Hoy, con los bloqueos levantados, el régimen prepara su contraofensiva. Avanza el proyecto de ley “antibloqueos”, que busca criminalizar uno de los principales métodos históricos de lucha del pueblo. Se habla abiertamente de penas de hasta 20 años de cárcel. Paz y su gobierno carente de legitimidad social y con divisiones intestinas, cercado por el pueblo, solo puede intentar sostenerse profundizando el autoritarismo, la persecución política y la represión, justificandose con el discurso reaccionario de “emergencia económica”.

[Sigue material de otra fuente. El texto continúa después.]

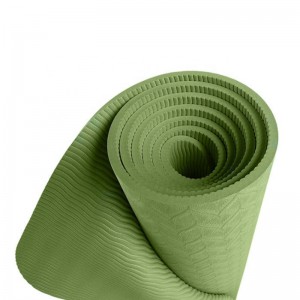 manufacturer customize folding waterproof TPE yoga mat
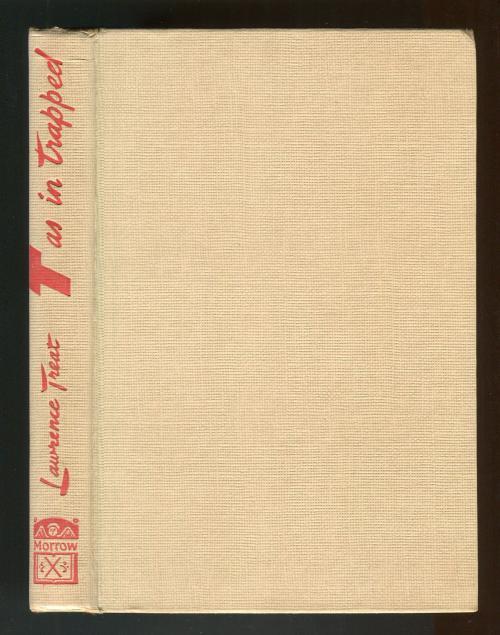 T as in Trapped by Lawrence Treat (First Edition)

Asimismo, se agudizan las disputas entre las facciones de la clase dominante. La necesidad del Ejecutivo de gobernar mediante decretos, relegando al Legislativo a una instancia subordinada, se agrava con los constantes ataques del vicepresidente, que es quien preside el Legislativo. El vicepresidente aspira a convertirse en presidenciable y, para ello, se ha convertido en el instrumento de la burguesía burocrática y los resabios del evismo, que ahora lo promueven como un gran líder. Pretenden, en un futuro próximo, aprovechar la eclosión de las masas para derrocar a Paz y colocar en su lugar a Lara, conscientes de que Morales es demasiado repudiado por gran parte de la sociedad. Así es como los vestigios del MAS se reciclan en torno al vicepresidente para asegurarse cierto margen de maniobra política.
La abrogación del D.S. 5503 fue una victoria parcial, arrancada por la acción directa de las masas. Pero la batalla continúa. Este episodio es apenas la primera escaramuza de la resistencia popular contra el ajuste neoliberal dictado desde Washington y se enmarca en el contexto de la crisis general del capitalismo burocrático y del sistema imperialista.
Debemos comprender estos acontecimientos dentro de un marco más amplio: la agresión del imperialismo yanqui contra los pueblos de América Latina. El imperio en decadencia irremediable pretende reordenar su “patio trasero”, profundizando nuestra condición de países semicoloniales para salvarse de su propia crisis y colocarse en mejor posición en sus disputas interimperialistas con China y Rusia.
Los yanquis ambicionan el litio boliviano y las tierras raras. Las constantes “visitas” de diplomáticos, congresistas y funcionarios norteamericanos al país tienen como objetivo negociar la entrega de estos recursos estratégicos. El ajuste neoliberal responde a esa política depredadora y forma parte del proyecto de reestructuración del Estado boliviano bajo la preeminencia de la burguesía compradora, subordinada al imperialismo yanqui.
Por lo tanto, el movimiento popular no debe bajar la guardia, ni dar un minuto de tregua al régimen.